Dan adapun di selain shalat:
Maka tidak ada yang valid juga sesuatupun dari Rasulullah shallallaahu ‘alaihi wa sallam, akan tetapi telah valid dari Anas bin Malik radhiyallaahu ‘anhu bahwa dia biasa mengumpulkan keluarganya lalu berdo’a.

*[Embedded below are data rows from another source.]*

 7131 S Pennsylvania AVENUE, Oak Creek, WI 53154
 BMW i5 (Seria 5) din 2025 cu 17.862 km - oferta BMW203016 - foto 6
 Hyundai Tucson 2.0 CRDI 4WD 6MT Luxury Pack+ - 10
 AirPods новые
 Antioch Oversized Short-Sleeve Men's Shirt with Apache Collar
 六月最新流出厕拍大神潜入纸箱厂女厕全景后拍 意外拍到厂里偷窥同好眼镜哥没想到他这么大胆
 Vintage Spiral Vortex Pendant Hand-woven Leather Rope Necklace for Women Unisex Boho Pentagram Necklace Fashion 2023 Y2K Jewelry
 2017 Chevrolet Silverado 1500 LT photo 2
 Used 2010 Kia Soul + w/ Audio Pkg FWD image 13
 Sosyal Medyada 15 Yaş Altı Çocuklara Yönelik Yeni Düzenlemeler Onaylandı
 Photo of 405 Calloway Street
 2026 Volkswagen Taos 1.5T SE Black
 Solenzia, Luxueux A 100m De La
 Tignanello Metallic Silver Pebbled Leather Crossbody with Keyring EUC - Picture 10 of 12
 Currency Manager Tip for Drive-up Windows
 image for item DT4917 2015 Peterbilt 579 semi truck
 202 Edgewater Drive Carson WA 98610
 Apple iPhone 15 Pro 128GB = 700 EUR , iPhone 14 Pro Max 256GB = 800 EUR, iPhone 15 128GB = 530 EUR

Dan hadits tersebut dikeluarkan oleh Ibnu Abi Syaibah dalam Mushannafnya, ad-Darimiy dalam Sunannya, Ibnul Mubarak dalam az-Zuhdu dari Tsabit al-Bunnaniy, Ibnu ‘Athiyah dan selain mereka,
أَنَّ أَنَسَ بْنَ مَالِكِ رَضِيَ اللهُ عَنْهُ كَانَ إِذَا خَتَّمَ الْقُرْآنَ جَمَعَ أَهْلَهُ وَوَلَدَهُ فَدَعَا لَهُمْ
bahwa Anas bin Malik radhiyallaahu ‘anhu, adalah kebiasaannya jika mengkhatamkan al-Qur`an maka dia kumpulkan keluarga dan anak-anaknya lalu berdo’a untuk mereka.” ([1])
Ibnul Qayyim rahimahullah berkata di dalam Jalaa`u al-Afhaam (hal. 288): “Imam Ahmad rahimahullah telah mencatat do’a selepas khatam al-Qur`an. Lalu beliau berkata di dalam riwayat Ibnu al-Haarits:
كَانَ أَنَسٌ إِذَا خَتَمَ الْقُرْآنَ جَمَعَ أَهْلَهُ وَوَلَدَهُ
“Adalah Anas, jika dia mengkhatamkan al-Qur`an, maka dia kumpulkan keluarganya (istrinya) dan anaknya.”
Beliau berkata di dalam riwayat Yusuf bin Musa:
وَقَدْ سُئِلَ عَنِ الرَّجُلِ يَخْتِمُ الْقُرْآنَ فَيَجْتَمِعُ إِلَيْهِ قَوْمُهُ فَيَدْعُوْنَ: قَالَ: نَعَمْ. رَأَيْتُ مَعْمَراً يَفْعَلُهُ إِذَا خَتَمَ
“Dia ditanya tentang seseorang yang mengkhatamkan al-Qur`an, lalu kaumnya berkumpul kepadanya kemudian mereka berdo’a.’ Maka Imam Ahmad menjawab, “Ya, aku melihat Ma’mar melakukannya jika dia khatam al-Qur`an.”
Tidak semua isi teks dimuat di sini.